Investment and Management Set for HHLA as MSC Acquisition Offer Proceeds
The executive and supervisory boards of Hamburg port operator Hamburger Hafen und Logistik (HHLA) issued their formal recommendation to the shareholders to accept the proposed acquisition of the company’s common stock by Mediterranean Shipping Company (MSC). As part of issuing the recommendation, they also announced that extended commitments for the long-term development of HHLA, its governance, and management have also been reached.
“An agreement on key aspects related to securing HHLA and its business model in the long term has been reached,” the company said announcing its support for the offer. “In the coming weeks, individual points of the BCA (Business Combination Agreement) that have not yet been finalized in the binding preliminary framework agreement will be worked out in further discussions,” they said.
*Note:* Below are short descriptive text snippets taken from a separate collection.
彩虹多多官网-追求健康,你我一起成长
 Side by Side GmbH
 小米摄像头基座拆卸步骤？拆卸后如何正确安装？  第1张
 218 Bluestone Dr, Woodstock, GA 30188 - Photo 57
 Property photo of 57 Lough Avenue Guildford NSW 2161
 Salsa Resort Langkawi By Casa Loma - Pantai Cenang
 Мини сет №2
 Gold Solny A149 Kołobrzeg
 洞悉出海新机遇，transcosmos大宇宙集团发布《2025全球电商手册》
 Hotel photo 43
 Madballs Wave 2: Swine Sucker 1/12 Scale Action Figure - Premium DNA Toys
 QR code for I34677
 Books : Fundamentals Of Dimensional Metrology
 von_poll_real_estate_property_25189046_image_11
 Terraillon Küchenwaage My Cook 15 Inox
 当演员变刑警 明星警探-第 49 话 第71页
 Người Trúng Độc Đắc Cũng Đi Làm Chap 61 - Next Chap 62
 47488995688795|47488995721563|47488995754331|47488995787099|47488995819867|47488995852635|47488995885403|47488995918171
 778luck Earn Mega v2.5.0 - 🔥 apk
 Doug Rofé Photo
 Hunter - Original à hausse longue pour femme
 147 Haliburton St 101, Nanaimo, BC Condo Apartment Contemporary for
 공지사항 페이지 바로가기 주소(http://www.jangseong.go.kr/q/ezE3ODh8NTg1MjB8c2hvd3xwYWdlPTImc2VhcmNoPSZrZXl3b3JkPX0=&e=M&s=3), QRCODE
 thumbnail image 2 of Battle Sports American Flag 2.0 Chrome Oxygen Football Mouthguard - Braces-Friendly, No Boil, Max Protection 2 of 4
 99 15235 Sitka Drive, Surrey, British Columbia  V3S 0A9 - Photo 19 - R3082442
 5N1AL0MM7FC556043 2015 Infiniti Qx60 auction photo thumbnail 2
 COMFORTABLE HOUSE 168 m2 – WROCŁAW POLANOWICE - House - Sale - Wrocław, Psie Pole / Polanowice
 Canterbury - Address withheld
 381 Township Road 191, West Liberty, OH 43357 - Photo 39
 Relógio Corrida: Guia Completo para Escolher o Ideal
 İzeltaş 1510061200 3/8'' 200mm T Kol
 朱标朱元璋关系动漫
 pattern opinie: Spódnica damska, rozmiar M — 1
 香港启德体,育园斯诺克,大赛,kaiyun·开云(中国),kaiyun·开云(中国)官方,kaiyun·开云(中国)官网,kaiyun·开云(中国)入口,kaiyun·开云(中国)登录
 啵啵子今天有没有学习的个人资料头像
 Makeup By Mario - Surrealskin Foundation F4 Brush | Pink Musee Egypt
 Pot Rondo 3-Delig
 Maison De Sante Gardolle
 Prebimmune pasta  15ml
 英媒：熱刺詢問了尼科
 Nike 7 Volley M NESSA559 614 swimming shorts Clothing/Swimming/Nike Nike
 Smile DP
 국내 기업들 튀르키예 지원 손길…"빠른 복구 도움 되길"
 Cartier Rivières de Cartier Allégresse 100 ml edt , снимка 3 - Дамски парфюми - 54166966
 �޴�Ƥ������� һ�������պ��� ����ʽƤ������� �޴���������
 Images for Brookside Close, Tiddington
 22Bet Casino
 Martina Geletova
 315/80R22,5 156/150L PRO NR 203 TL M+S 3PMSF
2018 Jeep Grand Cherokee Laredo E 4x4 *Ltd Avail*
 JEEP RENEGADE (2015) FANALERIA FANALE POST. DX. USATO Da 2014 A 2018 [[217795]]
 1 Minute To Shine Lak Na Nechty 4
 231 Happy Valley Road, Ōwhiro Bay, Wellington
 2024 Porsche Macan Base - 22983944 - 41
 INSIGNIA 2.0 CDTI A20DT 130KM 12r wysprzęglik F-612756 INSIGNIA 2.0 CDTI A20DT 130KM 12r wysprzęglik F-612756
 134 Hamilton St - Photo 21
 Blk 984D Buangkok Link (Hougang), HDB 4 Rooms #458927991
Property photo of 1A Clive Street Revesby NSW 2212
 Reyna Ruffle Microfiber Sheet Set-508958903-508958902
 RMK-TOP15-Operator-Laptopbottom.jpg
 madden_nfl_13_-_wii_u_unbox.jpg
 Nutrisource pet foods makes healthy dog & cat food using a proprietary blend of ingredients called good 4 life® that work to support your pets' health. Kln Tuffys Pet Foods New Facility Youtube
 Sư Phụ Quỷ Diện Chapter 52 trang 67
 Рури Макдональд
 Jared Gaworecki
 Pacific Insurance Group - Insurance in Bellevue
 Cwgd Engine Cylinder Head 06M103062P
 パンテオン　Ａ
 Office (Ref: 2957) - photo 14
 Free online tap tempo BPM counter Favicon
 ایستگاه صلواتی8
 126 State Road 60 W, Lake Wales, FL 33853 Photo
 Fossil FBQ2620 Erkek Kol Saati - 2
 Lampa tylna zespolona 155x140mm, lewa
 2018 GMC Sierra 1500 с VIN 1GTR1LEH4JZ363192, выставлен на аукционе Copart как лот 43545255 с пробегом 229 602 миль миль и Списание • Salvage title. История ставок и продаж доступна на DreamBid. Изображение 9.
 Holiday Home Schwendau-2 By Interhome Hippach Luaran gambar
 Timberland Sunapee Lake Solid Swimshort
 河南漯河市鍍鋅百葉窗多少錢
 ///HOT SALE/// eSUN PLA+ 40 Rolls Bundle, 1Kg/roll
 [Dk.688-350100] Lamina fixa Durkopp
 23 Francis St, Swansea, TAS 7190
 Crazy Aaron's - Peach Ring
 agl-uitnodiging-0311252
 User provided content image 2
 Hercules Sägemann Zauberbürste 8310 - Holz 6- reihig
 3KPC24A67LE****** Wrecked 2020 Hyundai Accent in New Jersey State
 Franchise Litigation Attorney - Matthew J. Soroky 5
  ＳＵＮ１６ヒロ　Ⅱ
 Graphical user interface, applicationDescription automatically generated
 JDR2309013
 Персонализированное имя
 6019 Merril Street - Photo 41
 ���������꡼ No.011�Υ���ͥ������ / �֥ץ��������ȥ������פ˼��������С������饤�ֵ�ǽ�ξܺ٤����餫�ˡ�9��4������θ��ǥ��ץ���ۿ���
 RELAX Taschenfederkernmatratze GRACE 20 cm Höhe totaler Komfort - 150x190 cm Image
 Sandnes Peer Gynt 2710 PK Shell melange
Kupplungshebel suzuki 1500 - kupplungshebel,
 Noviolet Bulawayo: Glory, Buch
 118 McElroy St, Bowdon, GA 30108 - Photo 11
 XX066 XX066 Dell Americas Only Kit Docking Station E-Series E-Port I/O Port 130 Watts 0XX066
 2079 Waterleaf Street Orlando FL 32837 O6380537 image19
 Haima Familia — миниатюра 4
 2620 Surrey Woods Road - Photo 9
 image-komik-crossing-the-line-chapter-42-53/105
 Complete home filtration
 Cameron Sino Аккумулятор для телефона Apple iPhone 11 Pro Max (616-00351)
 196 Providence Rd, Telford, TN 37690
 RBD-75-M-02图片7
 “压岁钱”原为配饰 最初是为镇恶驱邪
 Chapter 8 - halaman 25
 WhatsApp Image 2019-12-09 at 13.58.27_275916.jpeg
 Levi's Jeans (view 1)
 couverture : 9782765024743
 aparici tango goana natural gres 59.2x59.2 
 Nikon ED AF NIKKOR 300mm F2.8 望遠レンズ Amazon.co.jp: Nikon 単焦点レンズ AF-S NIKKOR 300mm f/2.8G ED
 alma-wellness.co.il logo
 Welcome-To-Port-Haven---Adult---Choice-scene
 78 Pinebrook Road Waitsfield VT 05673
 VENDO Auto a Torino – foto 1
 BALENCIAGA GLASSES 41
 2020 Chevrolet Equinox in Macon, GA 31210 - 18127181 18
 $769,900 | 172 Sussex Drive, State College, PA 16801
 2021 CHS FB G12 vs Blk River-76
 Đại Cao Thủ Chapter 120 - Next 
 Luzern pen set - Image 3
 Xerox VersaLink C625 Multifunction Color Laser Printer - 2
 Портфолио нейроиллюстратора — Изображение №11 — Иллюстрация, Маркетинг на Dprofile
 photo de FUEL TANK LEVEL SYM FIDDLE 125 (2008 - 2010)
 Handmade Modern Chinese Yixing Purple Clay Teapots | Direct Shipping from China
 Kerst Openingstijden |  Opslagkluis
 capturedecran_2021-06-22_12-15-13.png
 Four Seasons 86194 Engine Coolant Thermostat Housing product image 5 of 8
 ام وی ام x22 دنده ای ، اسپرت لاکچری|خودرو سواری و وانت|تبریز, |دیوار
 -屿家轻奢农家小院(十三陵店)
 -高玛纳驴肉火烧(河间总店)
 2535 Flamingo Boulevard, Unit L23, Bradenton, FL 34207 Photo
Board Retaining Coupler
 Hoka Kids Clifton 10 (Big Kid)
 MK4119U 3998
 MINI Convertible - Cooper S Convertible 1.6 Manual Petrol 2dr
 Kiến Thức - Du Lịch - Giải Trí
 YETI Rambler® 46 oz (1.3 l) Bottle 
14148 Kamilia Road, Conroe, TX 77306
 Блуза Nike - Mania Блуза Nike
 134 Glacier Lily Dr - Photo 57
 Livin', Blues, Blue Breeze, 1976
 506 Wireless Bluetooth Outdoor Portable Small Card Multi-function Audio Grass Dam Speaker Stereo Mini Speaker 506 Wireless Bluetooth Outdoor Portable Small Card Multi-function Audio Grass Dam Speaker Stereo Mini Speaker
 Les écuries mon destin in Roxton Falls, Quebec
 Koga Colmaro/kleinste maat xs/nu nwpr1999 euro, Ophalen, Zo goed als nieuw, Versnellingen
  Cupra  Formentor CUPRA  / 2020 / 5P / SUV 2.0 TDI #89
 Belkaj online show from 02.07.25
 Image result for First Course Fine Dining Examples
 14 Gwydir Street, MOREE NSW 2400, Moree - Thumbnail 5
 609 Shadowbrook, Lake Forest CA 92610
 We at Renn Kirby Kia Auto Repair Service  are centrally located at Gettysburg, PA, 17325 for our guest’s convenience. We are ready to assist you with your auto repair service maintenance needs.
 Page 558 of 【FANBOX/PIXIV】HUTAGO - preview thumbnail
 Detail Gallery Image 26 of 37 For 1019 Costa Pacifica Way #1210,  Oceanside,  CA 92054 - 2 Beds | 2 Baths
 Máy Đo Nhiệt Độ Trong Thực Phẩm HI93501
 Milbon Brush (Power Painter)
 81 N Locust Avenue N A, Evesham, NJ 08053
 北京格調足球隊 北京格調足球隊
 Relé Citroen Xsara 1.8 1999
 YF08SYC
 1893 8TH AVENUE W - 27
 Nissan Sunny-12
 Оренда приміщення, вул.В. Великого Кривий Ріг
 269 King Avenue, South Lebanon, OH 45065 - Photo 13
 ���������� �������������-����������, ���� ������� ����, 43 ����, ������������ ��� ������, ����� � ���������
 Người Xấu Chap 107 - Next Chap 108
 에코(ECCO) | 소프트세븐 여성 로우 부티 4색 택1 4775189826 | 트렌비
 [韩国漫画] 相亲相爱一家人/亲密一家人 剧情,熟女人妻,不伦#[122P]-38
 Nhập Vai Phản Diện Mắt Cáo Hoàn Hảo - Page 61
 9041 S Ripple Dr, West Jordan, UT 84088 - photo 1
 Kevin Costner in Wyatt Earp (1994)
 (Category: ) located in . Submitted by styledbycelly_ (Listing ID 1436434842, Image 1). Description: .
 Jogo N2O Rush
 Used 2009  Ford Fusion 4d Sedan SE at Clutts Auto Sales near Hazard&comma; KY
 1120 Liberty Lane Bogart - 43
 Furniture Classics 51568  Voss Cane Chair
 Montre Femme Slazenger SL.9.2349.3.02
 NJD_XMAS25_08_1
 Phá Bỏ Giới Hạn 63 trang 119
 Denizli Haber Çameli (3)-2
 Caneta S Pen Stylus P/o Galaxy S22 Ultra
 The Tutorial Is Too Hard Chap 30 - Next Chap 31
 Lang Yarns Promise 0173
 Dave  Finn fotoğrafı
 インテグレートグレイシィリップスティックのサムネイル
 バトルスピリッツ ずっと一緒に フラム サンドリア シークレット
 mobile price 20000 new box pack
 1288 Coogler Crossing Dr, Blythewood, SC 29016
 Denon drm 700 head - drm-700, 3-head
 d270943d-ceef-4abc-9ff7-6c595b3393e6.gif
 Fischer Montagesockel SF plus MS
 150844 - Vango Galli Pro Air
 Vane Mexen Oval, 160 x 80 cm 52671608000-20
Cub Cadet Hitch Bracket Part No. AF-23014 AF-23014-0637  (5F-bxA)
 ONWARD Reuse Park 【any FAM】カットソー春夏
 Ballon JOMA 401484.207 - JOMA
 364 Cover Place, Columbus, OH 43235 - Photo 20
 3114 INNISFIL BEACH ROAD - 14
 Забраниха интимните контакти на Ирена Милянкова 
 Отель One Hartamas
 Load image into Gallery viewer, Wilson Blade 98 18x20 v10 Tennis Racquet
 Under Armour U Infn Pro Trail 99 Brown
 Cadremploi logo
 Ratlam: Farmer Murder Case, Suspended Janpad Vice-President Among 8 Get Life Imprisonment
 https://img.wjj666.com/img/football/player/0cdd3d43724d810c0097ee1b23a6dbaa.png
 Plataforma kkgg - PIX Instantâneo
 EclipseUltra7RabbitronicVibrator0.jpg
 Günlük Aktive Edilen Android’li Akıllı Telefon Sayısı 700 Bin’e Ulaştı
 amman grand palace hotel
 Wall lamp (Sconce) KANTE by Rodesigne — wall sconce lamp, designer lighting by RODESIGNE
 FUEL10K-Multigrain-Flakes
They reported that under the formally required review by regulators, the boards have concluded the offer is “in the best interests of all the company's stakeholders.”
Subject to the approval of the Hamburg Parliament, the City of Hamburg and MSC have agreed to provide HHLA with €450 million ($482 million) in additional equity capital to be used for investments in business operations over the next few years following the closing of the transaction. The City of Hamburg and MSC will also support the corresponding investment plans which total at least €775 million ($830 million) between 2025 and 2028.
These points are in addition to MSC’s agreements with the city as part of the proposed acquisition. MSC previously committed to increasing its operations in the port expanding cargo throughput in HHLA terminals starting by 2025 and reaching a minimum of 1 million TEU from 2031. The company also committed to building a new office in Hamburg and employing between 500 and 700 people in Hamburg.
As part of the binding preliminary framework agreement, HHLA reports that MSC has now committed to no layoffs for operational reasons for at least five years. HHLA will also retain decision-making authority over its investment planning, and in particular, the ongoing modernization of HHLA's container terminals in Hamburg and the international expansion of the intermodal network in the coming years.
The neutrality and independence of HHLA's business model, in particular of the intermodal subsidiary Metrans, will also be maintained. All customers will continue to have equal access to all HHLA terminals and services throughout Europe, with the strategy continuing to transform HHLA through the expansion of the European intermodal network into a logistics company.
“We welcome the confirmation of HHLA's investment planning for the coming years and the additional equity commitment of €450 million from the two major shareholders. This gives us considerable additional resources to drive forward HHLA's successful development into a leading European logistics company even more actively and rapidly, opening up significant development and business opportunities,” said Angela Titzrath, Chief Executive Officer of HHLA.
Under German securities laws, the boards were required to review the offer and obtain independent opinions including a Fairness Opinion within two weeks of the release of the offer. MSC, after receiving regulatory approval, began the offer of €16.75 per Class A share on October 23. The offering ends on November 20 and calls for MSC to own 49 percent of the company while the city will retain control with all the preferred shares equal to a 51 percent position. Closing of the transaction is subject to certain regulatory approvals and the approval of the Parliament of the Free and Hanseatic City of Hamburg.